The disruption of the dopaminergic system in Parkinson’s Disease (PD) has a profound impact on motor networks needed to control movements.[1] Notably in people with PD, the automatic movements that typify normal walking activity are lost[2],[3] and a deteriorating a gait pattern develops characterised by quick, short, shuffling steps, narrow base of support, stooped posture, rigid trunk, and reduced arm swing. The short stride length often causes the foot to scuff the ground, causing trips and falls.[4–6] Starting, stopping, and changing direction are more difficult, gait pattern is inconsistent,[7] and freezing is common.[8] As gait impairments progress, asymmetries develop and people have difficulty adapting their walking to new or complex environments or to increased task burden.[9, 10] Walking is perceived as harder and, eventually, walking for enjoyment and health promotion abates and then ceases.
One solution to improve gait is to emphasize a heel-to-toe gait pattern,[6] something typically done during physical therapy to change posture and stride length. This strategy provides the walker with feedback and encouragement for this, usually automatic, movement. Relearning the pattern requires repeated practice and, once the therapist ceases this verbal cueing, the walker returns to their typical gait pattern.

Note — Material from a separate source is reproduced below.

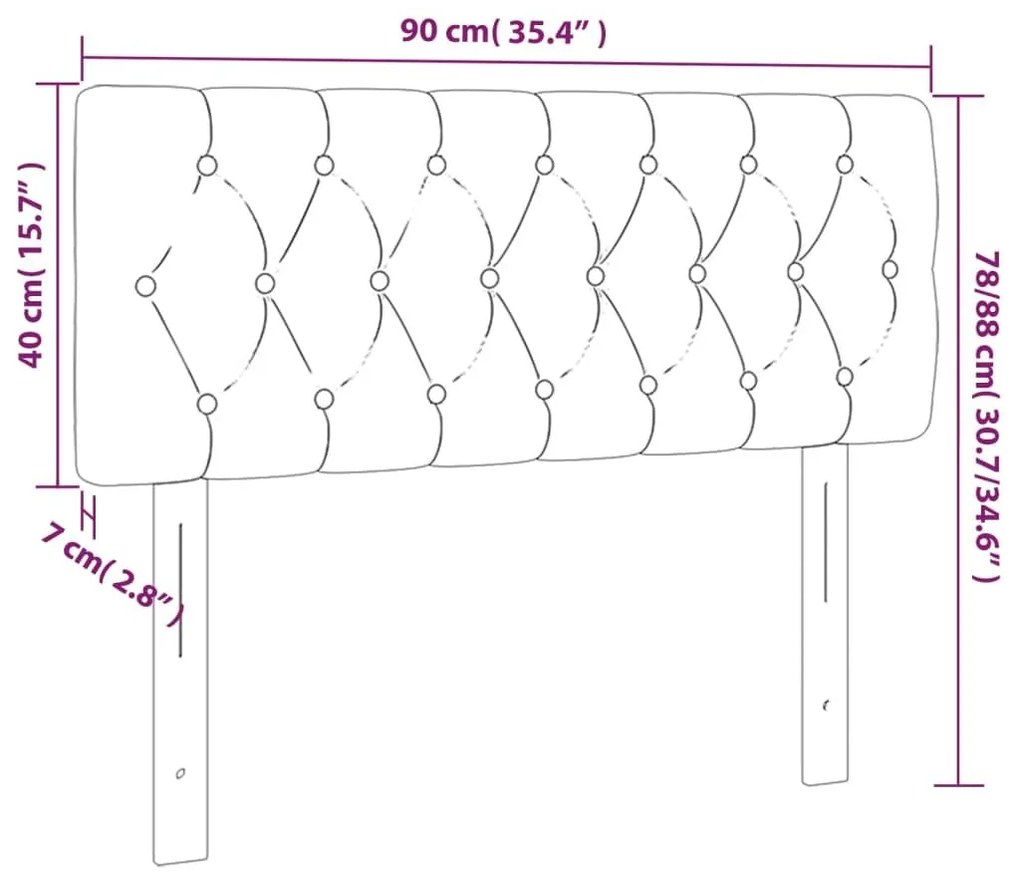 Κεφαλάρι Κρεβατιού Ανοιχτό Γκρι 90x7x78/88 εκ. Βελούδινο - Γκρι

Gait training is predominantly carried out by physical therapists with one-on-one interactions, however, there are not enough therapists for the number of people with gait vulnerabilities. Technology is poised to bridge the gap between supply and demand facilitating self-management of gait vulnerabilities. Some technologies are more successful than others, but many gaps remain in technology readiness, usability, access, training needs, and efficacy potential.
Researchers at McGill University have developed and commercialized through PhysioBiometrics Inc. a device that automates this verbal cueing by providing real-time auditory feedback when the heel strikes first when stepping. The Heel2Toe™ sensor, shown in Fig. 1, consists of a sensor that runs a real-time algorithm that discriminates good from poor steps with 94% accuracy,[11, 12] and generates appropriate feedback. It is classified by Health Canada as a Class I medical device (#167654). The sensor has a gyroscope, an accelerometer, and a magnetometer providing 9-degrees of freedom.
The gait cycle has been studied and described since the advent of bipedal gait.[13–15] Fig. 2 presents a graphic of the normal gait cycle when tracked from the ankle joint using the gyroscope. Normal gait is characterized by two troughs and one peak. The first trough is when the ankle moves clockwise from initial contact to foot flat when there is no ankle movement allowing for weight transfer from the heel to the ball of the foot. The second trough is when the ankle again moves clockwise to push the foot off the ground to propel the body forward. Typically, the ratio of push off to heel strike is estimated at 2:1 [16, 17] The peak represents the swing phase of the gait cycle when the foot leaves the ground and swings forward to initiate another step.
The sensor detects the velocity at which the ankle moves clockwise during the initial contact of the foot during a step (angular velocity: AV). When the AV crosses a threshold for a “good step” a signal is sent via Bluetooth to a smart phone and a sound is emitted. This external positive feedback drives motor learning, retraining gait patterns to be more normal, fluid, safe, and sustainable. To normalize walking, people must relearn motor sequences and develop needed adjuncts to efficient walking: strength, power, core stability, balance, etc. Physical therapy targets adjuncts but motor learning requires instruction, repetition, and practice.[18] At least some of the neural mechanisms underlying this learning are likely aberrant in PD. Motor learning via feedback involves neuroplasticity in corticostriatal and striato-cerebellar circuits in a partially dopamine-dependant manner.[18–21]
In two proof-of-concept studies of 6 people with PD[22] and 6 pre-frail seniors[23] receiving 5 training sessions with Heel2Toe™ over 2 weeks, every person made at least one clinically meaningful change on one gait parameter after training. The potential mechanism of action is a dopamine-driven reward and feedback loop.[24] Here we set out to estimate the extent to which training with the Heel2Toe™ over a longer period of time (3 months) was feasible and acceptable to participants and to estimate changes in walking capacity and gait pattern among people training with feedback from the sensor and among those training without feedback.
The hypotheses for which the pilot trial will provide supporting data is that people in the group training with feedback from the Heel2Toe sensor will make greater gains in walking capacity and motivation and will show more optimal changes in parameters of gait quality than will be observed in the control group.